There are two inscribed stones located at the northern and southern boundaries of Wedlake Farm, which the author first saw over 30 years ago and was told they related to two brothers. The stones are inscribed thus : ‘WHB / 1900‘ on northern boundary and ‘FEB / 1902’ on the southern boundary. The author had always thought they were likely to have been set up “in memory” of ‘WHB’ and ‘FEB’ respectively. Until recently, the author had completely forgotten about these stones.

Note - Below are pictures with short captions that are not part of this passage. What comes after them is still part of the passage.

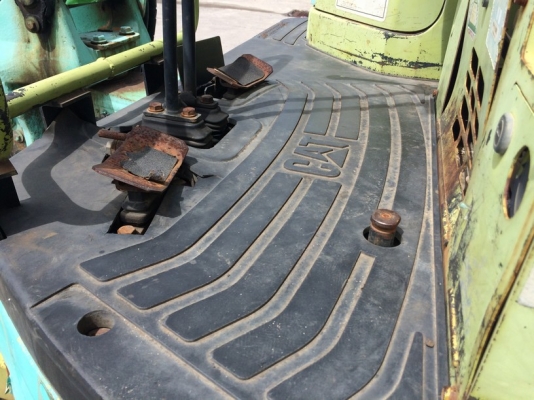 CAT 304CR ปี 2005 มีหัวกระแทกและบุ้งกี๋จากญี่ปุ่นแถมให้ด้วย ราคาไม่แพงครับ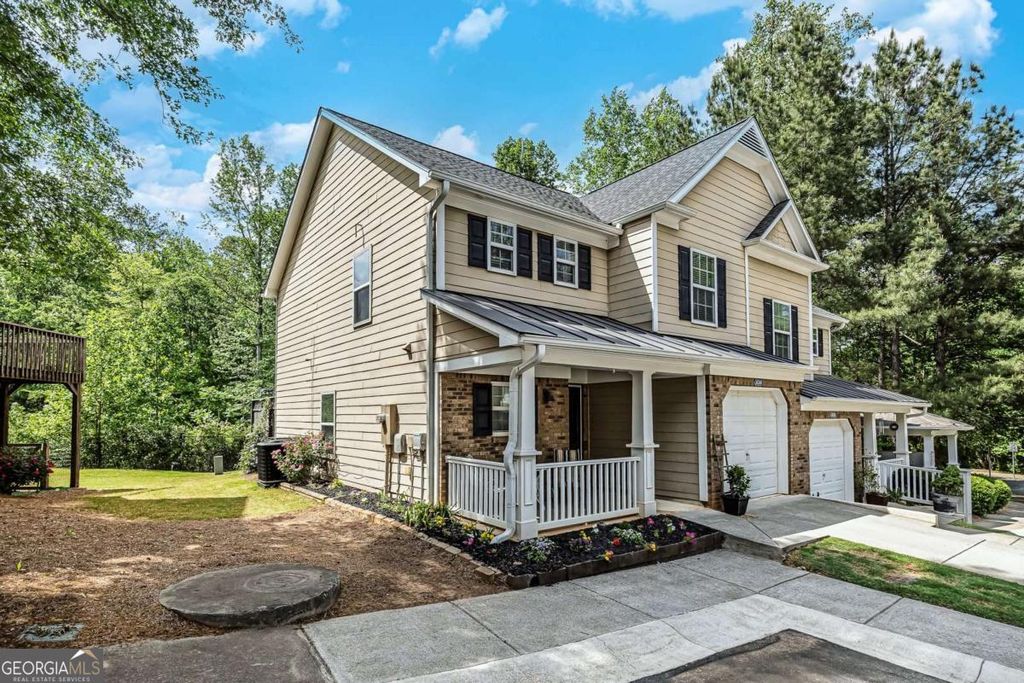 Photo of 434 Colonial Walk, Woodstock, GA 30189 (MLS # 10741951)
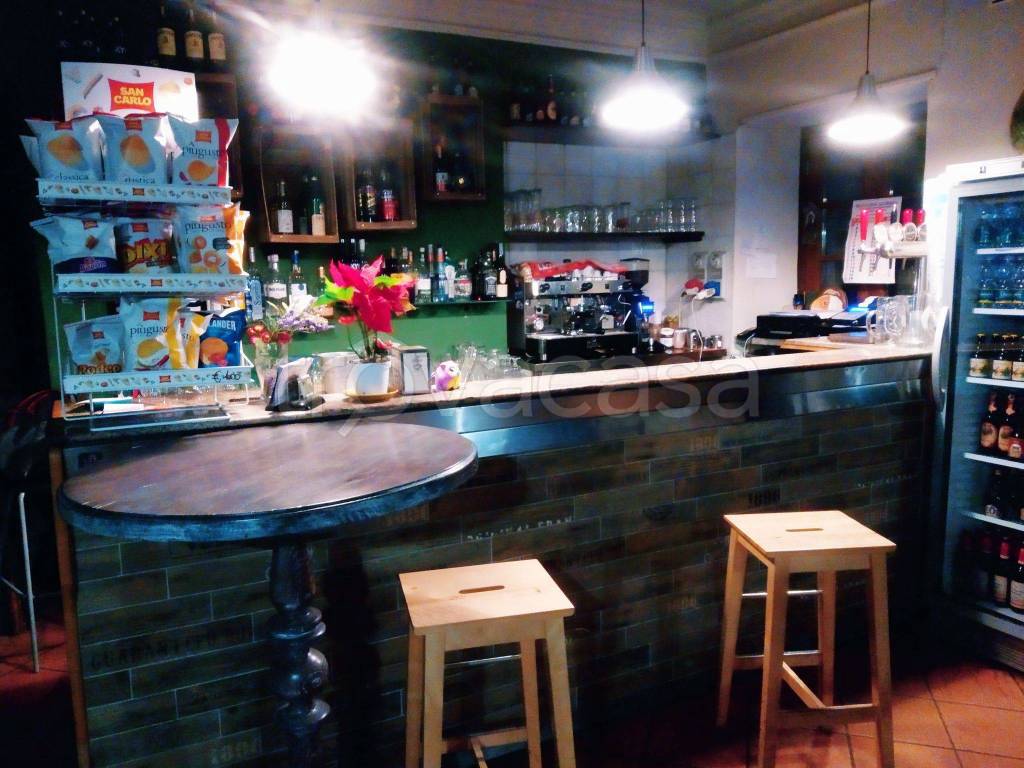 Pub in in vendita da privato a Sparone piazza del Ponte, 2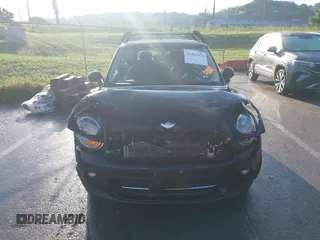 2012 MINI Hardtop with VIN WMWSU3C50CT185690, listed as a IAAI auction lot 42367571 with 63,303 mi miles and . Bid and sale history available at DreamBid. Image 13.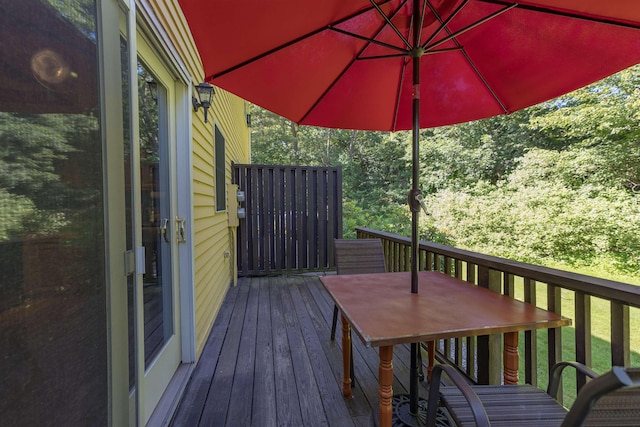 4B Pine Isle Dr Unit B, Derry, NH 03038 - wooden deck featuring outdoor dining area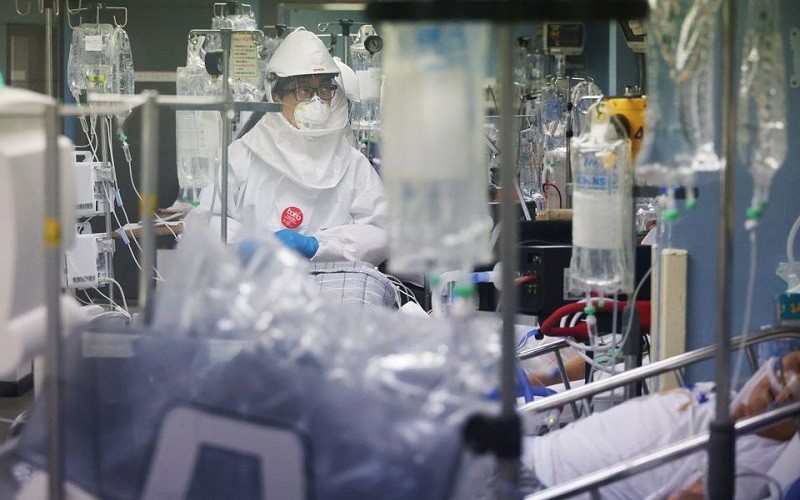 Điều trị bệnh nhân mắc Covid-19 tại phòng chăm sóc đặc biệt (ICU) của Bệnh viện Bagae ở Pyeongtaek, Hàn Quốc, ngày 29/11/2021. (Ảnh: REUTERS)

However, whilst browsing through the publication : ‘The book of PETER TAVY with CUDLIPTOWN – Two Coats Colder Than Tavistock’, on page 47, the author noted there was a short history of the Bellamy family who had worked and lived at Wedlake. Of particular interest was that the Bellamy family history included the story of William Bellamy who had a son called Francis who was born in 1902. Could one of the aforementioned stones relate to Francis Bellamy (‘FEB 1902’) and therefore the stones related to birth years not death years!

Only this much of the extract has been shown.